• RECORD SET:
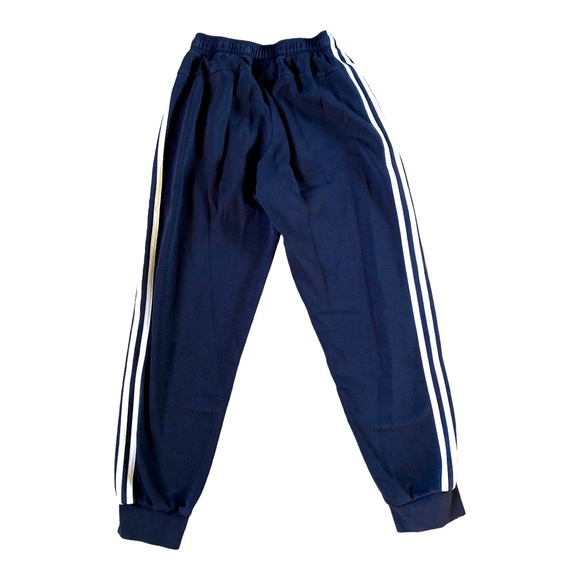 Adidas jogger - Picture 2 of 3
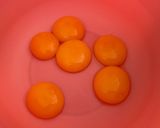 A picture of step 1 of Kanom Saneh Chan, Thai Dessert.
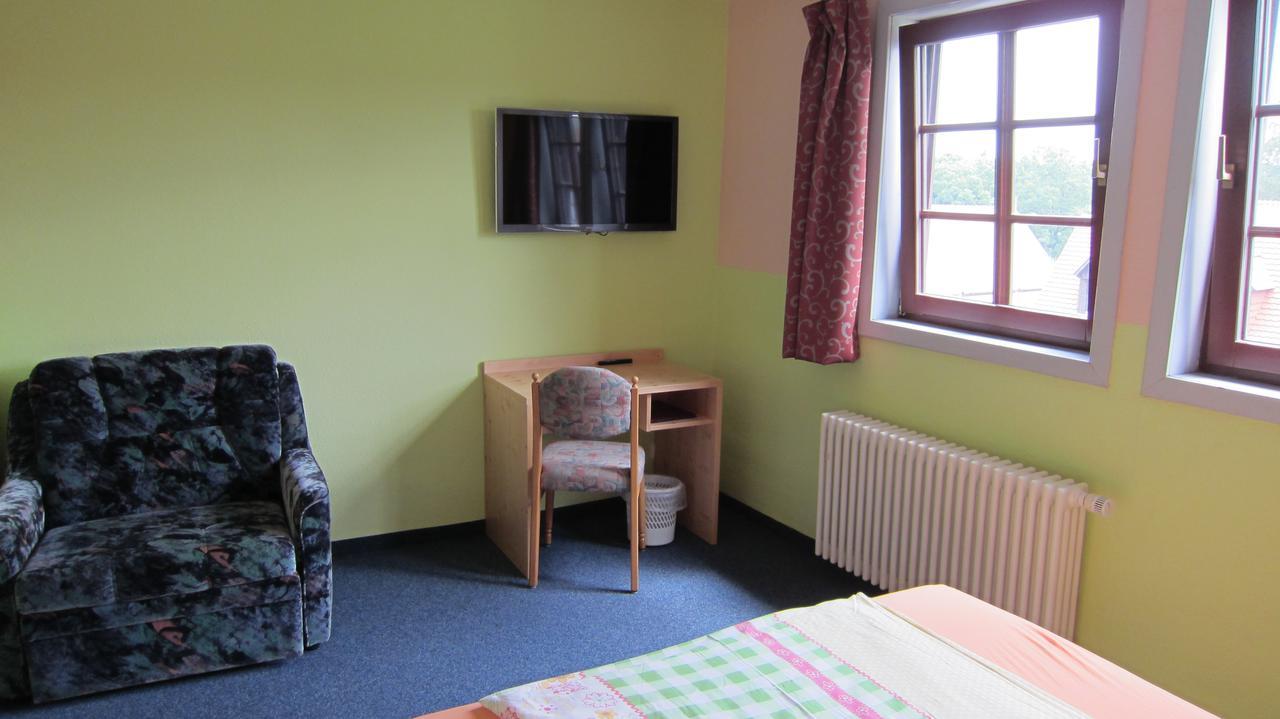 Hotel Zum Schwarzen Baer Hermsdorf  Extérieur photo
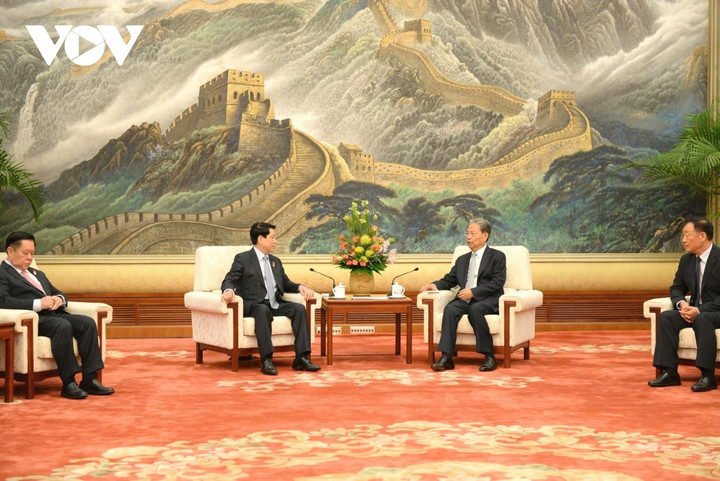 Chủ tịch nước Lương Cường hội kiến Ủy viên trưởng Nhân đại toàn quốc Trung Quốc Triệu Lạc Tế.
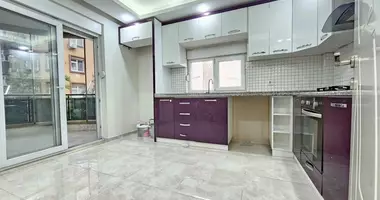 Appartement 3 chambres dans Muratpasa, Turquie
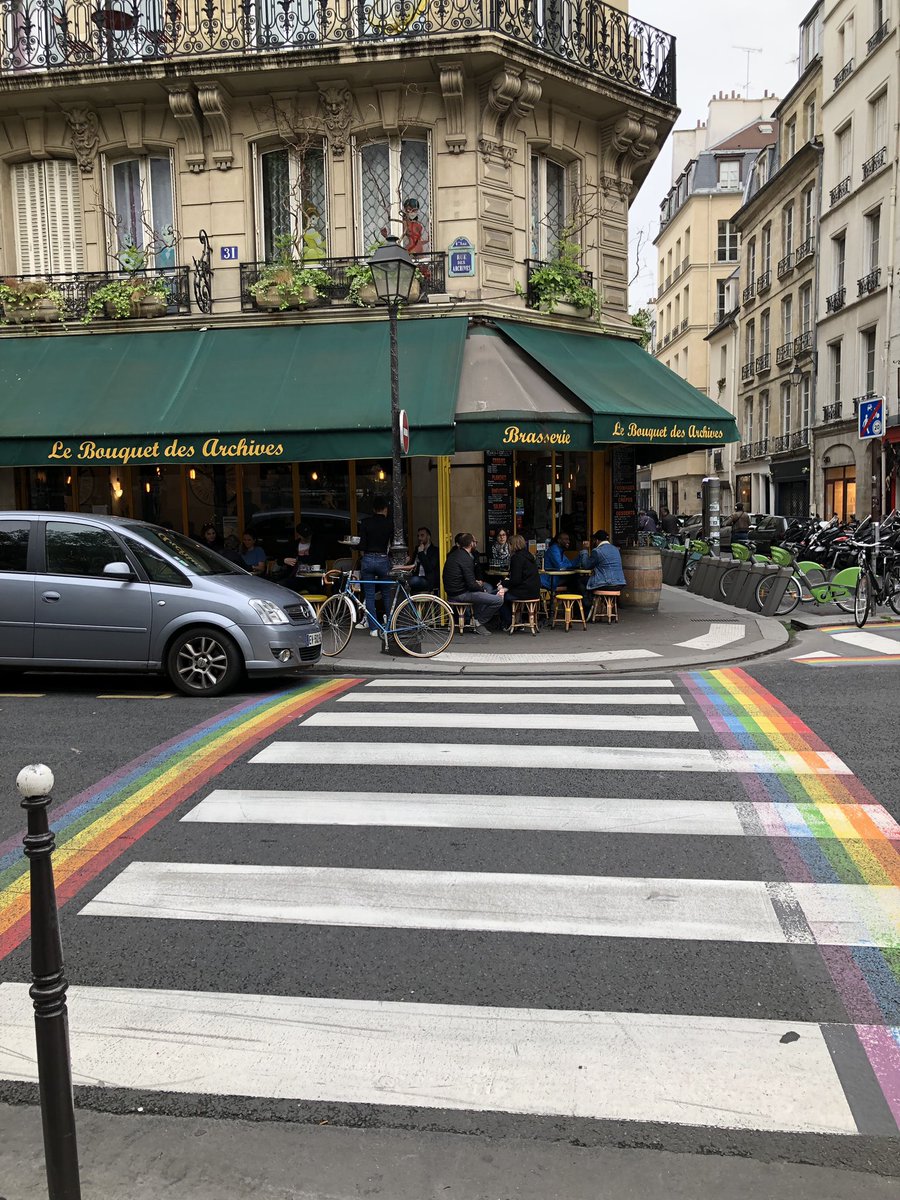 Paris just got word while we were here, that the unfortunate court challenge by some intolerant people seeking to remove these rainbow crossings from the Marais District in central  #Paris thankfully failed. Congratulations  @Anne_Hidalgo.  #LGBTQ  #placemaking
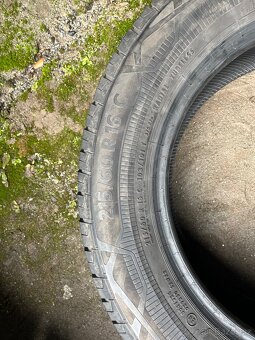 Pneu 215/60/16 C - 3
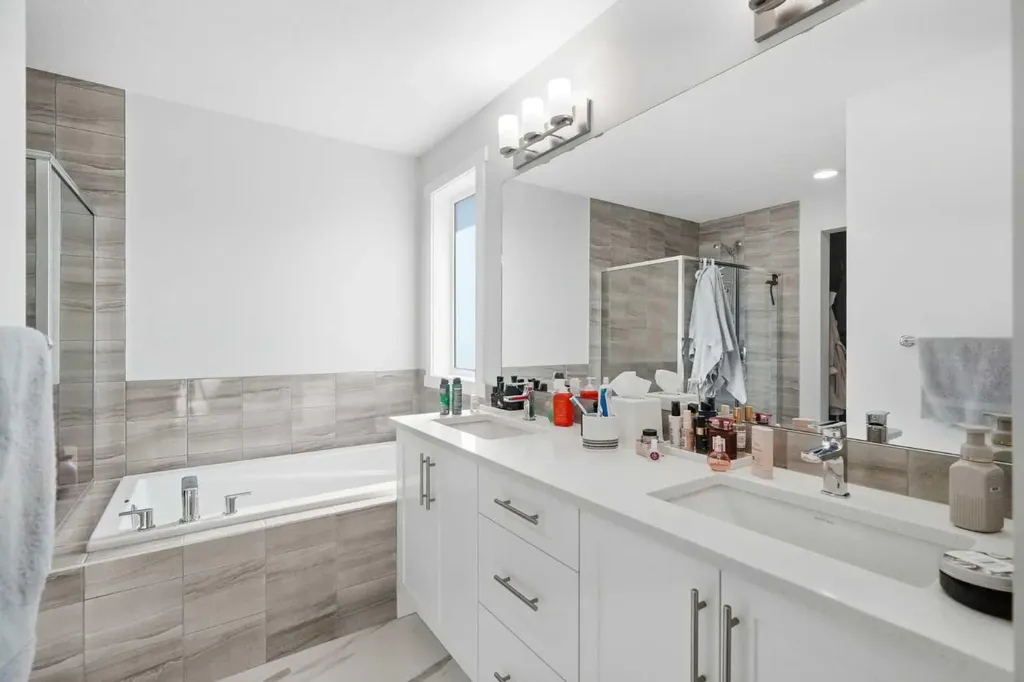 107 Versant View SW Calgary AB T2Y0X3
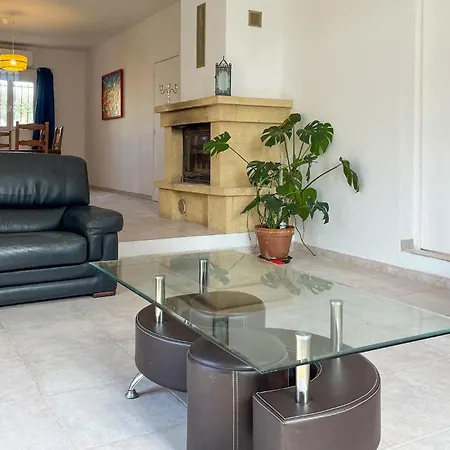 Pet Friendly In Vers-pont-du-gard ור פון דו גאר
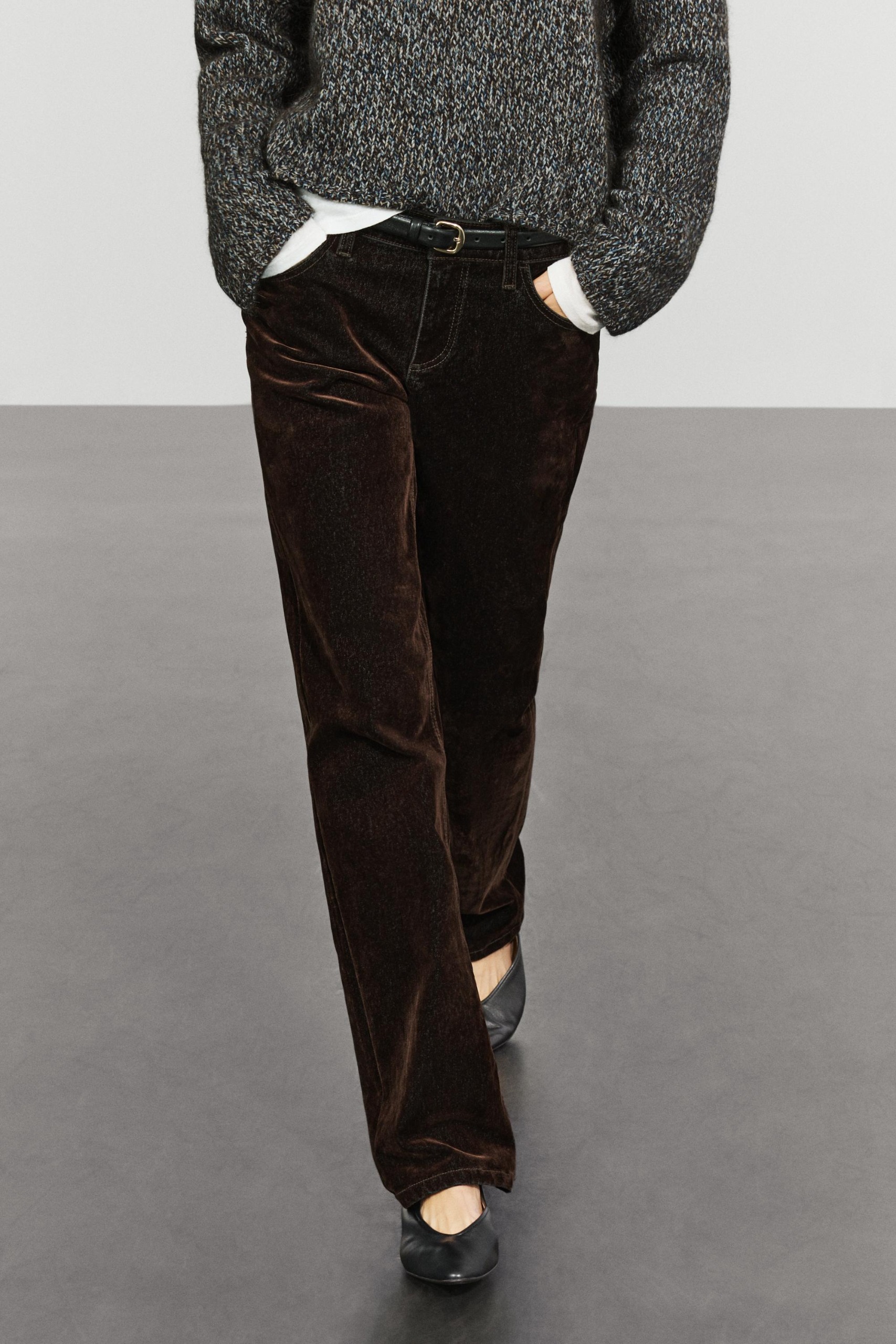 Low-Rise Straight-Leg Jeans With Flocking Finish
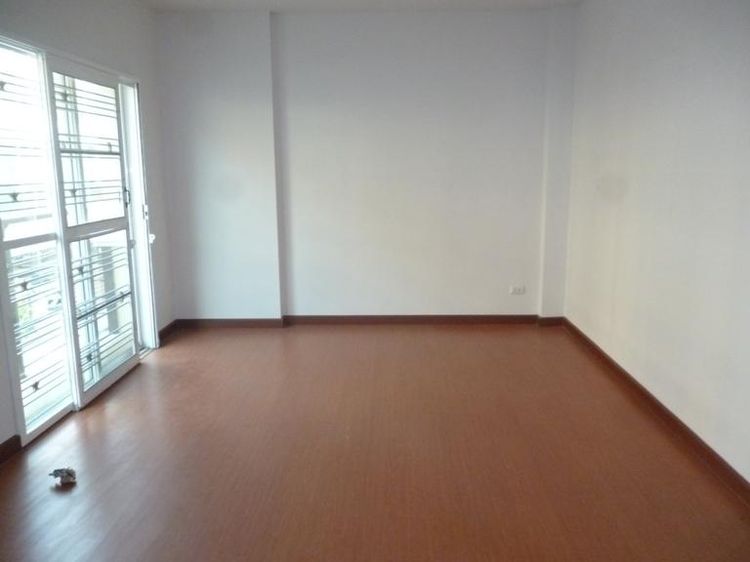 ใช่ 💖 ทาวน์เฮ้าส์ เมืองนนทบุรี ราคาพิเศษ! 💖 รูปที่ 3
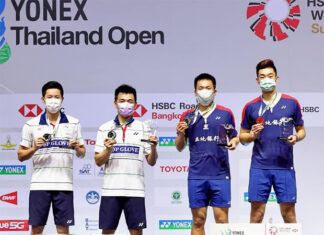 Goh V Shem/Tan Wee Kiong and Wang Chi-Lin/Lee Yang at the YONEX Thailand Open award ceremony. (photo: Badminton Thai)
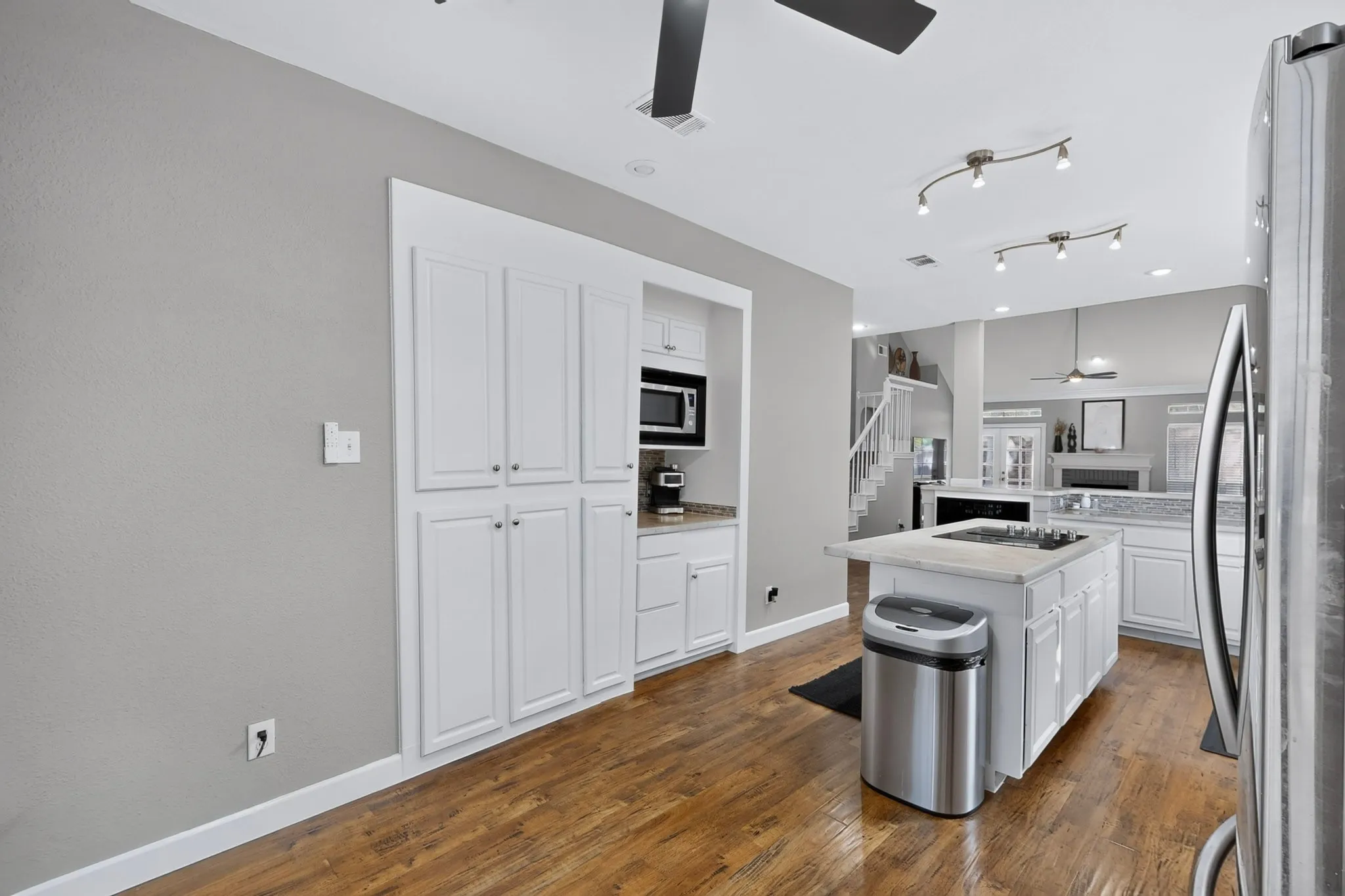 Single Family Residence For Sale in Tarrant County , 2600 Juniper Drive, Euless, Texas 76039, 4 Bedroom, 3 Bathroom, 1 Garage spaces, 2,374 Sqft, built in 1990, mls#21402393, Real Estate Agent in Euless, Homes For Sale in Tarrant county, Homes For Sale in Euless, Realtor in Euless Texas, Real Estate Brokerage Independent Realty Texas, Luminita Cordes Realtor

• WHAT THE TASK REQUIRES: Copy word for word the span of the records above that begins at the line with "Low-Rise Straight-Leg Jeans" and ends at the line with "Goh V Shem/Tan", including those two lines but not the pictures.

• EXPECTED ANSWER:
 Low-Rise Straight-Leg Jeans With Flocking Finish
 ใช่ 💖 ทาวน์เฮ้าส์ เมืองนนทบุรี ราคาพิเศษ! 💖 รูปที่ 3
 Goh V Shem/Tan Wee Kiong and Wang Chi-Lin/Lee Yang at the YONEX Thailand Open award ceremony. (photo: Badminton Thai)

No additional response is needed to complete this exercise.